Exploring Usage of Digital Newspaper Archives through Web Log Analysis: A Case Study of Welsh Newspapers Online

paper, specified "long paper"
  1. 1. Paul Matthew Gooding

    University College London

Work text
This plain text was ingested for the purpose of full-text search, not to preserve original formatting or readability. For the most complete copy, refer to the original conference program.

1. Introduction
This paper will present the findings from a case study undertaken with the support of the National Library of Wales. It utilises web log analysis to discover more aboutt he use and users of Welsh Newpspaers Online (WNO),[1] a digitised newspaper archive which currently contains around 420,000 digitised newspapers from, and relating to, Wales. Web log analysis has previously been undertaken to analyse online user behaviour, with utility for websites 12, e-journals 345, and digital resources 67. To date, however, it has not been used to analyse the use of digitised newspaper archives. This paper presents the findings from a detailed analysis of content logs from a period of three months, starting from the launch of WNO in March 2014, and provides an important empirical study into how users are interacting with digitised newspapers. In doing so, it helps to illuminate some existing debates about the impact of digitisation upon reading and scholarship.

These debates have focused on how digitisation fo newspapers has changed the way users engage with these materials. Mussell, for instance, has noted that article-level representation foregrounds the partial textual transcript, even though the physical article is actually one textual component operating among many others. This means that users of a digitised newspaper may lose the original context of the material by approaching it in a different way online 8. Brake additionally notes that "digital representations of nineteenth-century copy denaturalizes it and transforms the reader... into a user who sees the content inextricably embedded in the matrix of the newspaper pages" 9. These issues have been expressed in concerns that this will have a sever impact on reading behaviour 101112. This paper demonstrates that, while user engagement remains extremely high, it is evident that the nature of this engagement has been unavoidably transformed by digitisation.

2. Methodology
In order to undertake this analysis, the National Library of Wales IT team supplied a complete set of content logs, collected for a period of three months from the launch of the collection in March 2013. These logs specifically recorded interactions with content discover and viewing mechanisms on the WNO website. As a result, they are not a complete log of the user's journey. Instead, the logs track a number of important basic behaviours: searchers undertaken by users on the website (search queries); occasions where users have browsed, filtered, or otherwise interacted with search results (search results queries); and instances where users have viewed newspaper pages (content queries). The weblogs record each interaction with the website as a single line of plain text, recorded automatically on the website servers. The following example demonstrates the format of a single content query:

2013-06-02T12:26:50+01:00 51a5c97c3c8d3 llgc-id:3036868 llgc-id:3039814 llgc-id:3037695 Aberystwyth Observer 21 September 1872 [2] ART40

The elements are, in order: date and time of interaction; unique user ID; server IDS for website content; title of newspaper viewed; date of newspaper edition; page number viewed; article number on the page viewed. Additionally, search queries contain a field with the user’s search terms, and search results queries include a field which shows the nature of the user’s interaction. In total, there were over 300,000 weblogs, which therefore provide a rich source of information about user interactions with the content of WNO.

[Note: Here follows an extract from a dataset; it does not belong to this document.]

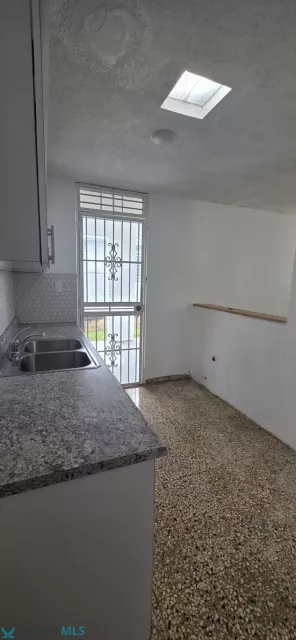 Barrio Costa Brava alquiler en Isabela, PR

This data allows several metrics to be analysed: most viewed newspaper titles; most viewed years; most viewed page numbers; average number of pageviews per visit; and percentage of pageviews involving search, search results or content queries. To achieve this, the investigator heavily post-processed the data in Excel. All non-relevant fields were stripped from the spreadsheet, then a column was added which automatically populated pageview numbers for each unique user ID, from 1 for the first page viewed by a user, to X for the last. Search, browser and content queries were also changed to numerical values of 1,2, and 3 respectively. This allowed the data to be processed into appropriate graphical representations. In particular, it allowed large-scale analysis of the complete dataset, in order to uncover overall patterns and trends in graphical form.

3. Findings
The content logs have provided a wealth of fascinating data on the behaviour and interests of users of Welsh Newspapers Online. We will discuss some of the most important findings in more depth below.

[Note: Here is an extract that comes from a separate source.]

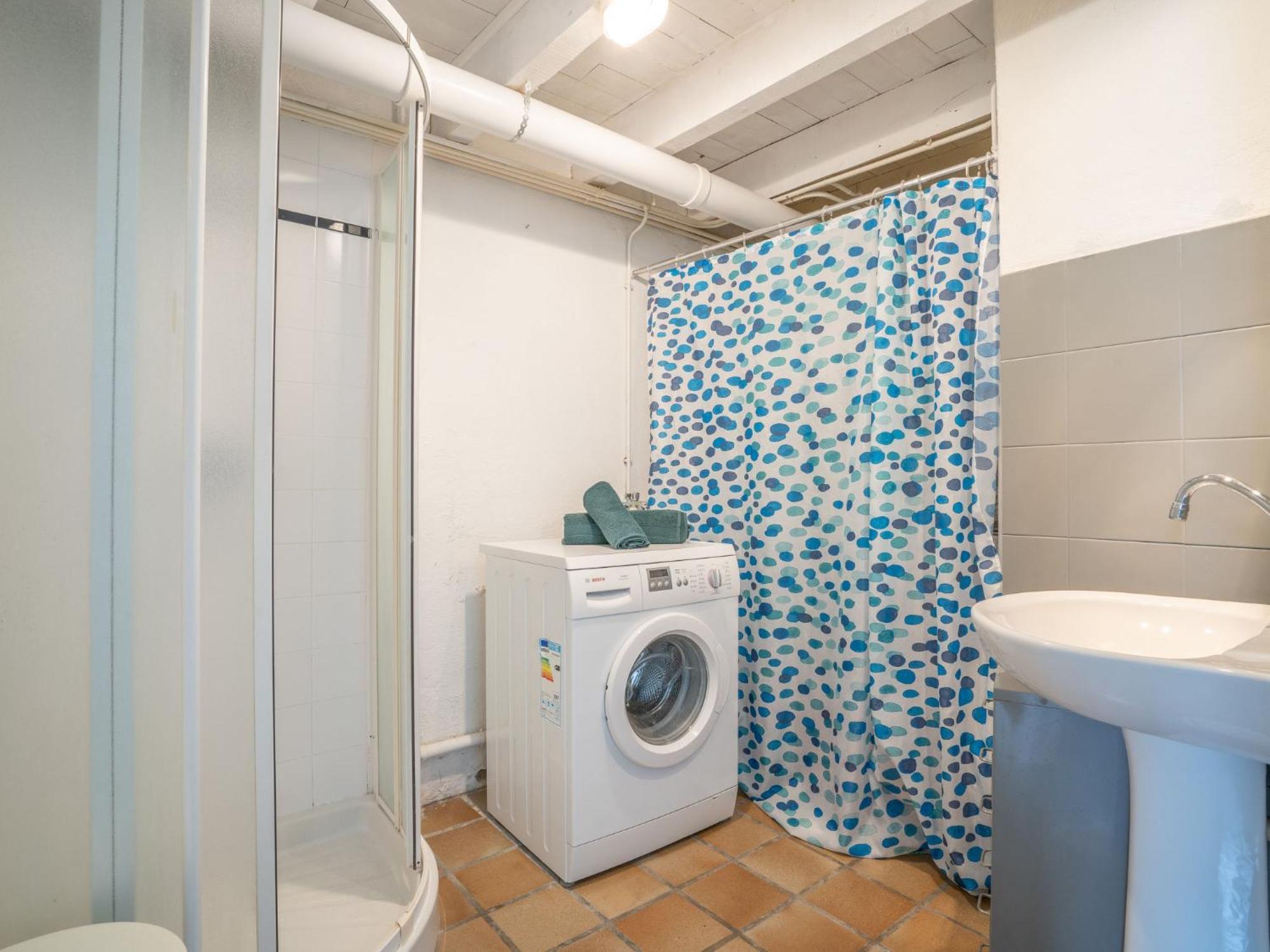 Holiday Home Hoche By Interhome Saint-Pierre-Quiberon Luaran gambar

The following chart shows the findings from the large-scale analysis of the content logs, demonstrating the percentage of queries by type at each pageview. From this chart we can see which broad categories of user behaviour were most common for any given pageview:

Fig. 1:

The chart demonstrates that content queries remain an important part of user activity, regardless of how long visitors spend on the website. In fact, once visitors view over 100 pages, they seem to view increasingly large amounts of content. By contrast, the longer a user spends on the resource, the less likely they are to be engaged in search activities. Instead, we see that search result queries replace search queries in importance.

This tells us that the importance of search as a discovery mechanism becomes less important with time spent on a particular visit: the majority of users begin by searching the collection, and then slowly but steadily move away from searching to view content or to browse search results. However, the data suggests that digital reproductions of newspapers do effect how users engage with them, in one particular way: while they browse the website, extensively, we can see that they do not browse through newspaper content. The following chart shows that users primarily tend to view the title page but, in general, the further into a newspaper the page is,

the fewer times it will be read. This data should be contextualised: the average number of pages per newspaper is around 6.3. However, the drop in views begins from the second page, which strongly suggests that users are unlikely to browse through pages:

Fig. 2:

In this respect, the findings seem to confirm the fears that digitised texts interfere with the deep, ordered reading behaviour attributed to printed materials. While there are valid concerns about the way in which inline reading may distance users from the original context of newspaper material, we must also recognise that users certainly are deeply engaged with digitised newspaper archives: it is the type of engagement that has changed. This highlights two important conclusions: the side-lining of browsing makes serendipitous discoveries less likely, and means that search functionality, OCR quality, and website design are as important as the availability of content in ensuring that users are able to discover content; and that existing remediations of newspapers are some way from recreating the reading behaviour that has been attributed to the physical text 1314.

4. Conclusion
This case study demonstrates that content log analysis can greatly enrich studies of the impact of digitised collections. They provide empirical evidence of user behaviour, which allows a granular, nuanced understanding of how researchers interact with digitised content online. We can therefore learn a great deal more about this understudied area. The findings also confirm, though, a commonly recorded problem with content logs; they provide a strong statistical base for analysis, but they cannot provide an insight into why users behave how they do. As such, an analysis which relies solely on content logs is necessarily incomplete. This paper will finish by proposing that web log analysis can still play an important role in analysing and understanding usage of digital resources, but that it should not be used in isolation.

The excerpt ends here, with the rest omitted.